Monthly Archives: November 2013

Why Adams should have been named AOY

The parochialism associated with the awarding of the IAAF World Athlete of the Year prizes immediately handicapped shot-putter Valerie Adams’ prospects of winning the award in the women’s category in Monte Carlo last night. Since the award inaugurated in 1988, no female thrower has ever been awarded this accolade while the last time a male field-eventer won the award on the men’s side came back in 2000 when Jan Zelezny took the honours.

It’s hard to find a single blemish on Adams’ season in which she went unbeaten (again), won the world outdoor title (again) and the Diamond League jackpot (again). Her consistency was spectacular too, as she surpassed the 20m-barrier in every competition she lined up for. One has to wonder what more she has to do to win the accolade! And it does beg the question will a female thrower ever win this prize because surely if this trend was to be broken, Adams would be the athlete to break the glass ceiling.

Adams is atypical for a thrower. Only a handful of throwers from English-speaking nations have dominated their event and this understandably boosts her marketability and international profile and while hers might not be on par with the sport’s big hitters, her charisma and personality has made her a favourite with British crowds at the IAAF Diamond League stops in Birmingham and London, and across the globe. Her eloquent anti-doping stance surely points to a career in the IAAF or IOC hierarchy post-retirement.

Nobody would argue Shelly-Ann Fraser-Pryce didn’t have a superb season. She became the first athlete to win a sprint double at the World Championships since 1991 and this was complemented with success on the commercial circuit with Diamond League victories in the 100m and 200m.

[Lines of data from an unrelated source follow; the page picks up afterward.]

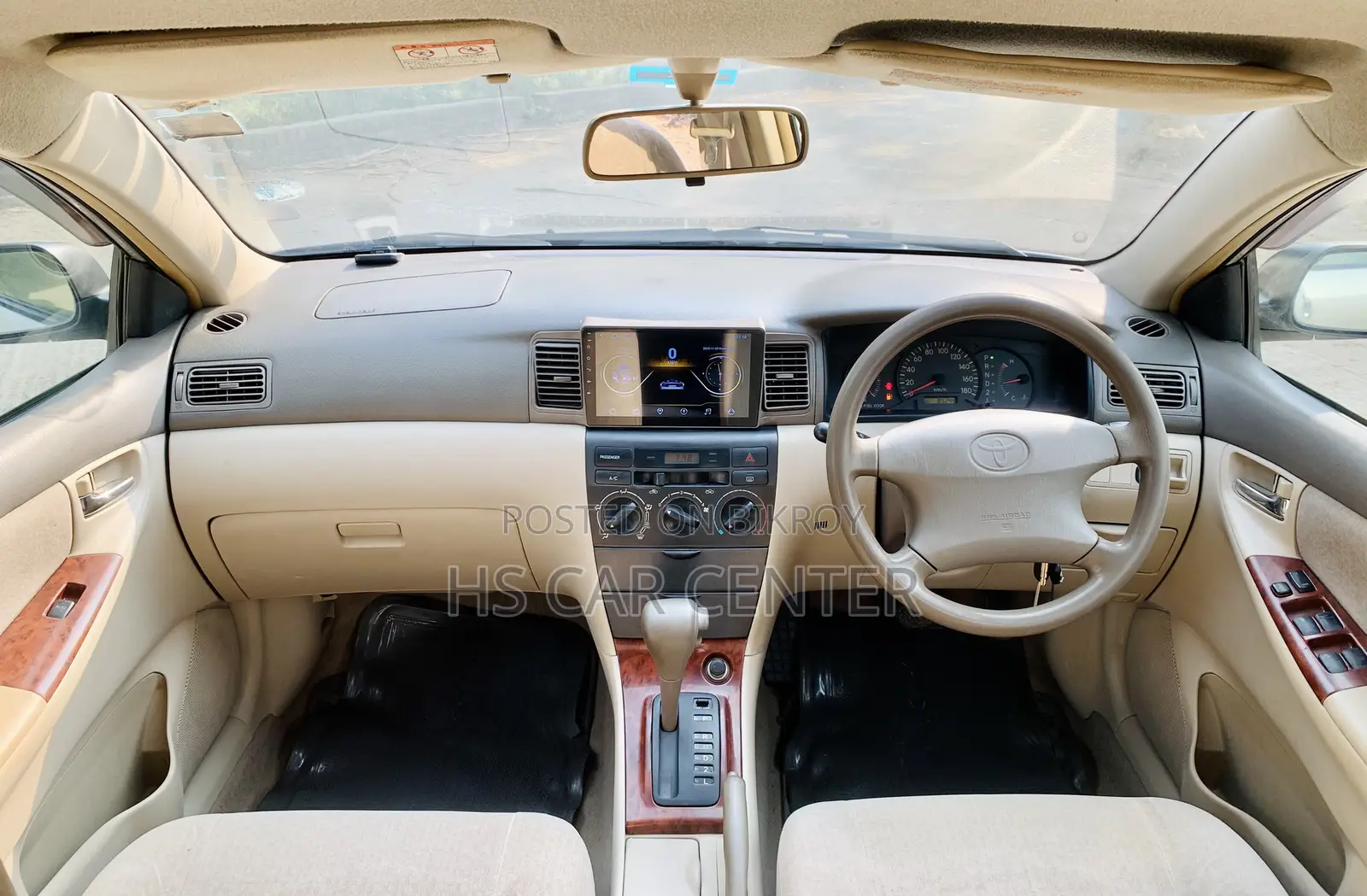 Toyota Corolla X Octane 2002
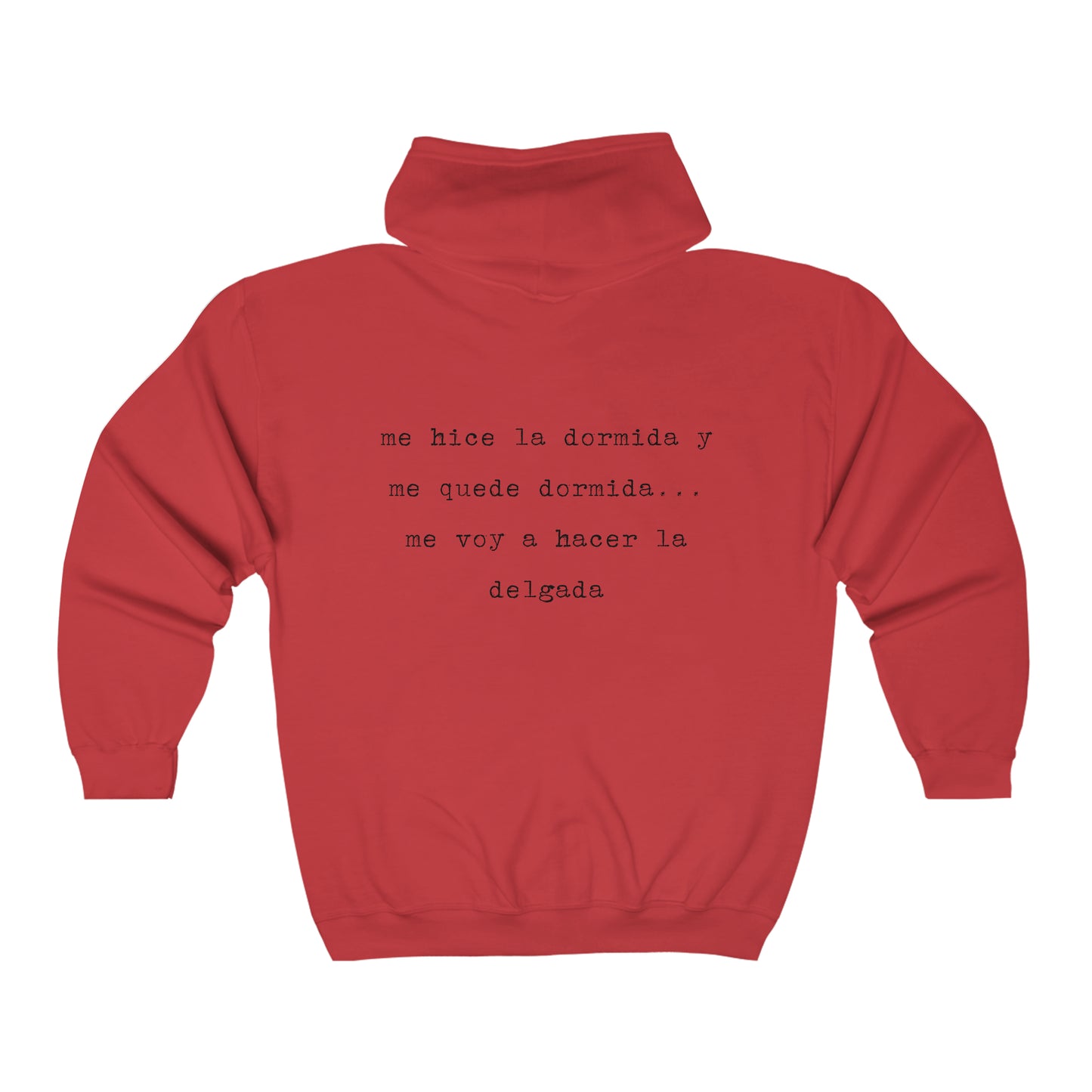 Me hice... Women's Heavy Blend Full Zip Hooded Sweatshirt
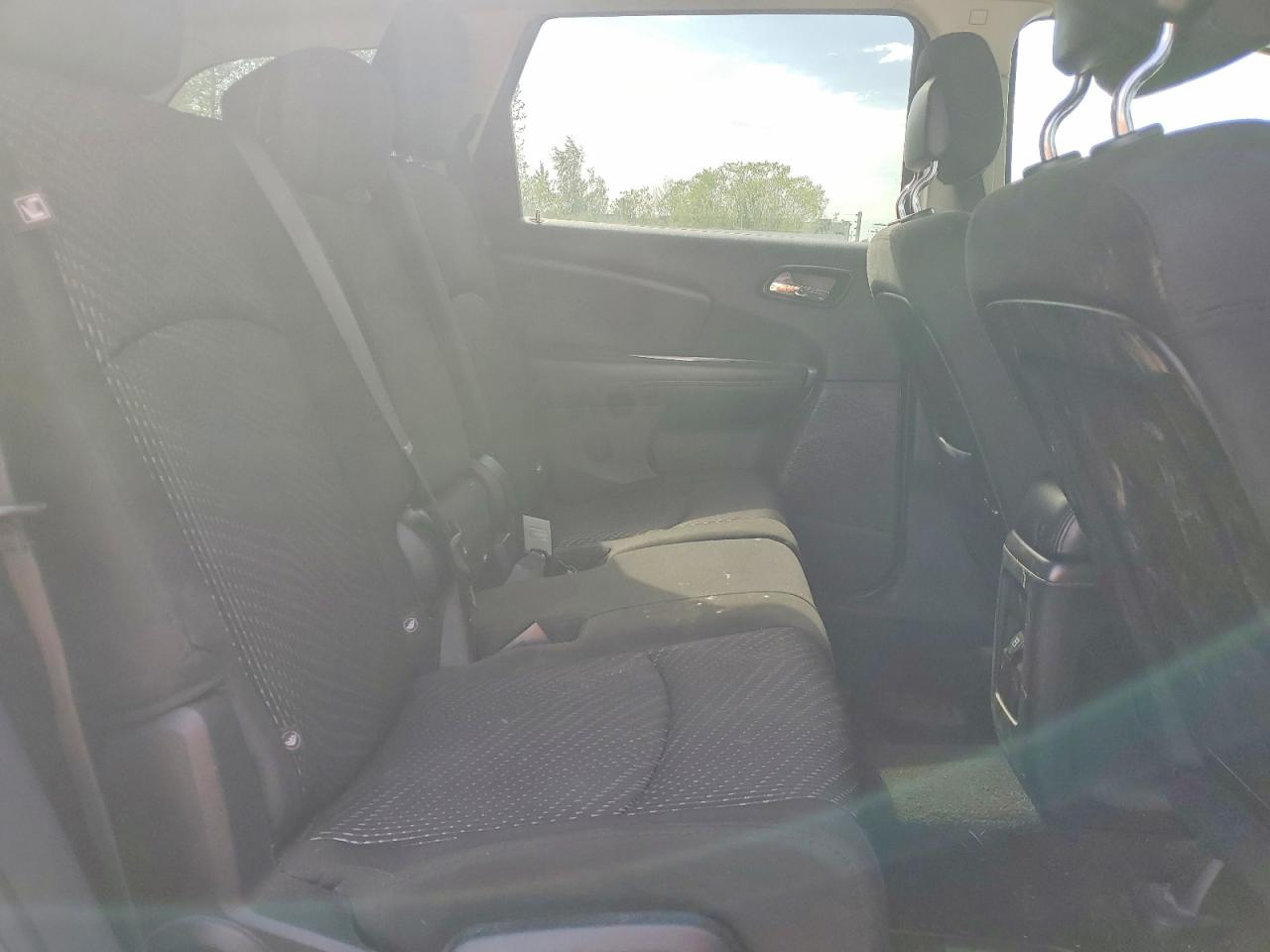 2015 Dodge Journey Sxt White vin: 3C4PDDBGXFT526202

It wasn’t a perfect season though. She performed when it mattered but, unlike Adams, a handful of losses still scattered her résumé, including defeats over 100m in London and over 200m in Monaco.

And should track athletes be credited for winning medals in multiple events, including relays, in deciding the destination of these awards? The inherent skill-set isn’t overtly different in contesting 100/200m and 5000/10,000m doubles while field eventers are restricted by (on the whole, at least) only specialising in singular events.

I should add it’s not just the throwers who get a raw deal. Race-walkers and road-runners rarely feature in the shake-up and while this prize is largely immaterial in defining one’s career, wouldn’t most athletics fans prefer a more sober approach and a more inclusive distribution of this accolade?

I hope Adams will be given the respect she deserves when Track & Field News, Athletics International and Athletics Weekly cast their decisions.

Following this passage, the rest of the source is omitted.